What Is the State of Health Research On Gay, Bisexual and Other Men Who Have Sex with Men? A Systematic Review of the Literature
Health research studies on sexual minority men have employed various measures of sexual orientation. Currently, there are three common ways in which sexual orientation is operationalized in health research: self-reported identity (gay/bisexual/heterosexual), sexual behavior (with same and/or opposite sex partners) and sexual attraction. However, the use and definition of these measures widely vary across studies. This can lead to confusion about how to interpret research findings regarding health outcomes for sexual minority men. The purpose of this systematic literature review was to 1) identify how sexual orientation is measured in health research on sexual minority men, 2) to examine the types of health outcomes in relation to the dimension of sexual orientation measured, and 3) to critically examine how varying definitions and measures of sexual orientation may impact the study outcomes.
A comprehensive search strategy was used to locate studies for the review. To be included, the study must be 1) a quantitative design, that 2) sampled sexual minority men, and 3) focused on a health topic. The research must be 4) published in peer-reviewed journal, 5) in English, 6) in 2010. The electronic search was conducted across multiple databases, such as CINAHL, Embase, PsychINFO, and PubMed. Key words included: gay, bisexual*, homosexual*, men who have sex with men, non-gay and resulted in 3905 references. After removing duplicates (n=1710), two authors independently assessed each article for inclusion and described reasons for exclusion. In cases of disagreement, all authors worked to build consensus. Detailed data extraction of each eligible study (n= 250) was conducted with EPPI-Reviewer 4 software. Data included: dimension of sexual orientation measure, health outcome, sample size, country of research, sampling methods, study design, sample racial makeup, and youth/adolescent focus.
The majority of studies included in this review used behavior (66.8%) and identity (50.40%) to measure men’s sexual orientation (Some used more than one measure). This was followed by attraction (4.8%) and a composite of two or more measures (5.2%). These measures of sexual orientation were employed to study over 34 health outcomes, including sexual health, drug/alcohol use, and mental health. HIV and sexual risk were the majority of the health outcomes examined. Behavior was most often used in sexual health studies, while identity was more often used for mental health outcomes. However, these measures of sexual orientation were not always defined or articulated, and researchers often failed to report why they chose the particular measure of sexual orientation. The study revealed at least 12 other ways in which men’s sexual orientation was measured. Nearly half of the studies (44%) did not identify the racial/ethnic makeup of the samples.

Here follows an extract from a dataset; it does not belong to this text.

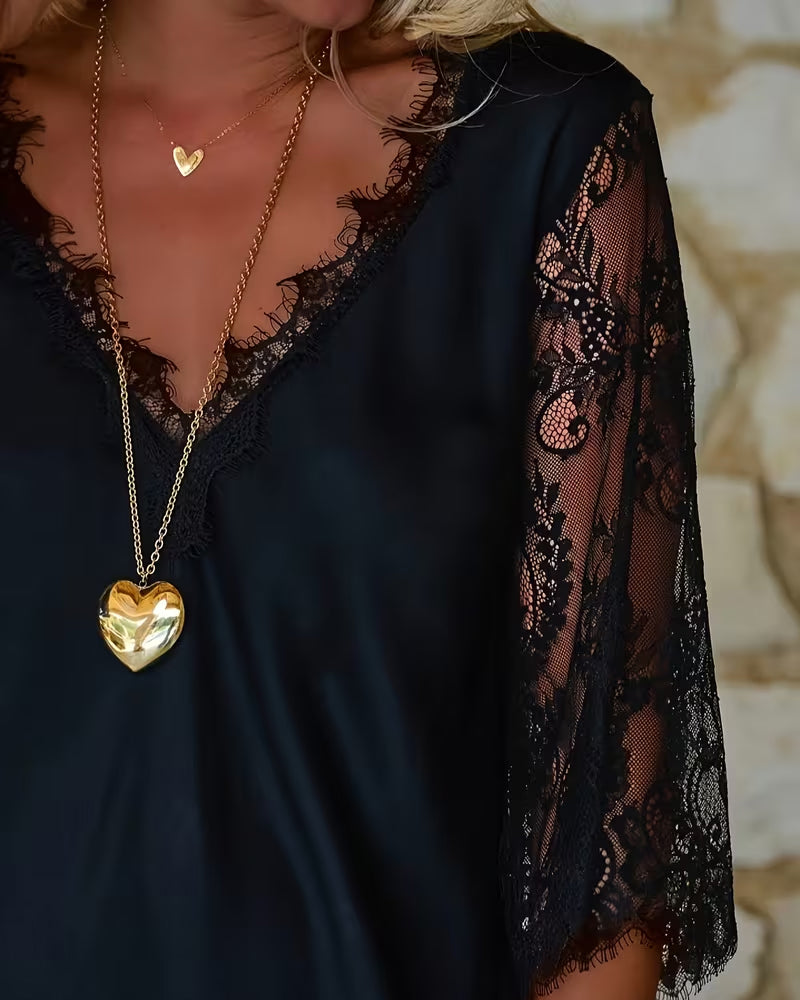 Klänning V-Halsning Spetspanel Elegant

These results highlight the complexity and diversity in the ways in which sexual orientation is operationalized in studying health outcomes among sexual minority men. This study suggests social work practitioners and researchers critically appraise how measurement of male sexual orientation may impact the findings on health outcomes. Finally, this study stresses the importance of researchers clearly defining sexual orientation and articulating the rationale for their measures.